On Mon, 1 Sep 2003, Pablo Milano wrote:
> Let me see if I understood you properly,
> If the buffer size is too long, MPI is unable to "start" all the
> communications, so there are a lot of pending "startings".
That's essentially right. For messages that are too long, LAM chooses to
switch into a rendevouz mode for sending the message -- i.e., not send the
message until the receive is actually posted on the receiver.
> Then, if I call some times MPI_Test inside my calculous, the processor
> is able to start some of the pending sends/receives.
If a matching receive has been posted, yes.
> In this case, I should study the cost of calling MPI_Test, because it
> might reduce the performance I would increase with nonblocking
> communications.
If you call it too often, yes.
> Do you suggest to call MPI_Test some times spreadly while the program is
> calculating in step 4?. What would happen if I call MPI_Test a couple of
> times just between 3 and 4?. This way, I can use a loop and dynamically
> adjust the amount of times MPI_Test is called based on the buffer size.
This sounds reasonable. Keep in mind that since LAM is a single-threaded
MPI implementation, there's a limit to how effective this will be -- it
has to do with how the underlying network transport passes data between
two processes.
For example, in LAM's TCP module, LAM pushes out as much data as it can,
but the operating system may block writing to the socket at any time.
Hence, LAM is typically limited to how much it can actually push out
across the socket before the underlying OS / TCP protocol will not allow
any more to be sent without an acknowledgement. Hence, a single MPI_Send
may be broken up into multiple write()'s down a socket before the entire
message is sent. This is the kind of thing that invoking MPI_Test() (or
MPI_Wait()) will do nicely -- re-enter the TCP module state machine, see
how far along a request is (i.e., how many bytes still remain to be sent),
and attempt to advance it further without blocking. Make sense?

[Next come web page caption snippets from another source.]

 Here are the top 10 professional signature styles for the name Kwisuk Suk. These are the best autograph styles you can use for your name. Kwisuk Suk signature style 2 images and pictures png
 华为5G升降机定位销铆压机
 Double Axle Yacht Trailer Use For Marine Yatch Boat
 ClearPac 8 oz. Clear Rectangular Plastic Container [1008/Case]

Depending on what is happening in the MPI context, LAM's TCP module may
block (waiting to send the rest of the message) or it may spin trying to
make progress on other pending sends (e.g., sending across other sockets).

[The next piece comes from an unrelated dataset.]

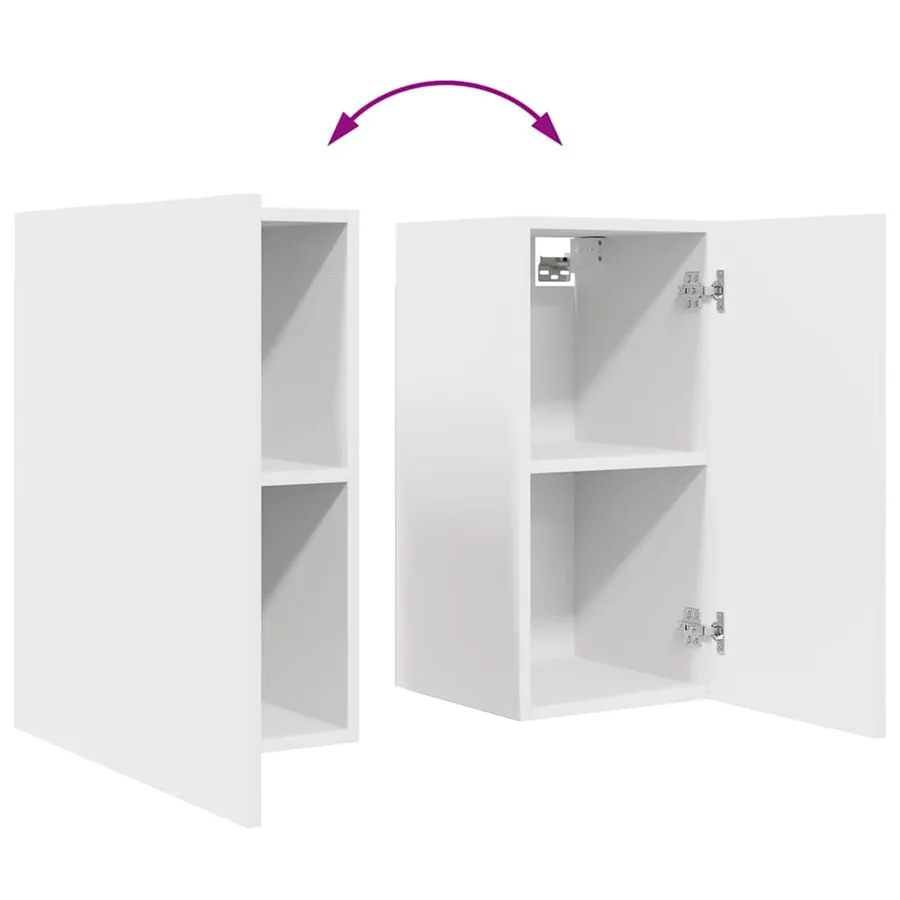 Ensemble de meubles TV 6 pcs Blanc Bois d'ingénierie - 10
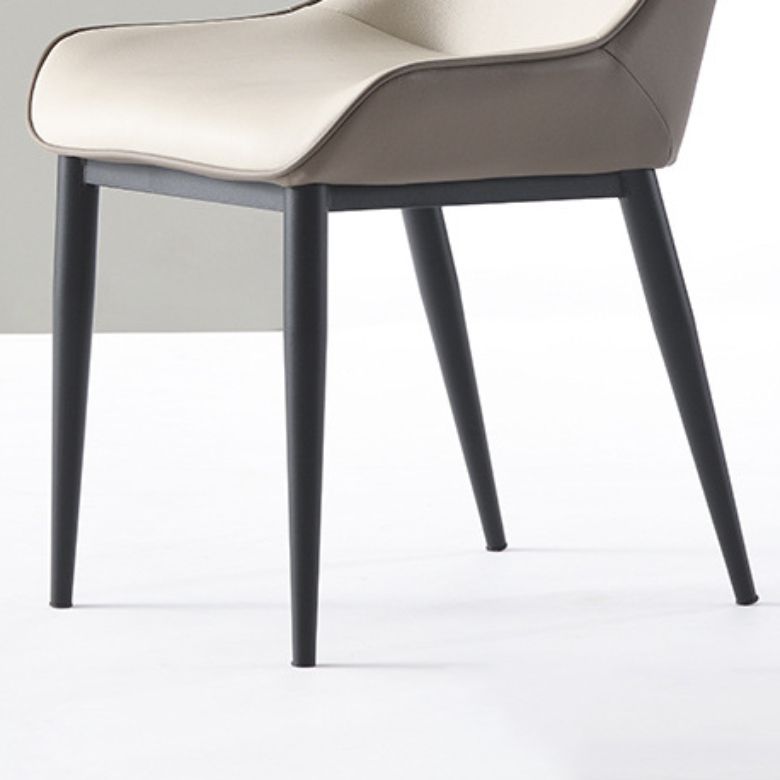 Dining Room Upholstered Chair Home Wingback Faux Leather Dining Chair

Additionally, even though LAM may not be able to push any more bytes down
a socket, the OS may be making progress "in the background" while the MPI
process is swapped out (e.g., perhaps while it is not even in the MPI
layer).
Then again, for other transports, it's totally different. gm, for
example, has a wholly separate communications processor. Hence, when you
start a send (assuming that the matching receive has already been posted),
the gm processor handles all the data movements, and LAM is simply
notified when the message has been fully delivered. So additional
MPI_Test's in this case are not helpful (indeed, depending on how many
times you call MPI_Test, it could turn into significant overhead).
So your best bet is probably to invoke MPI_Test (or any of its variants)
a few times throughout your inner loop. You probably would not want to
invoke it frequently, but it depends on your specific application. Also,
ensure to post your receives before your sends. This helps prevent
unexpected messages (and additional memory copies). You may also wish to
investigate using MPI_Wait (and its variants) to see if that will help,
too.
> Where can I find some deeper documentation about the MPI implementation
> of nonblocking operations?. I need to know more about it.
For the implementation, there really isn't any -- just the code in the
freely-available MPI implementations (e.g., LAM). :-(
The intent is that you start a non-blocking operation and then the MPI
implementation does the best that it can to deliver it as fast as
possible.
--
{+} Jeff Squyres
{+} jsquyres_at_[hidden]
{+} http://www.lam-mpi.org/
|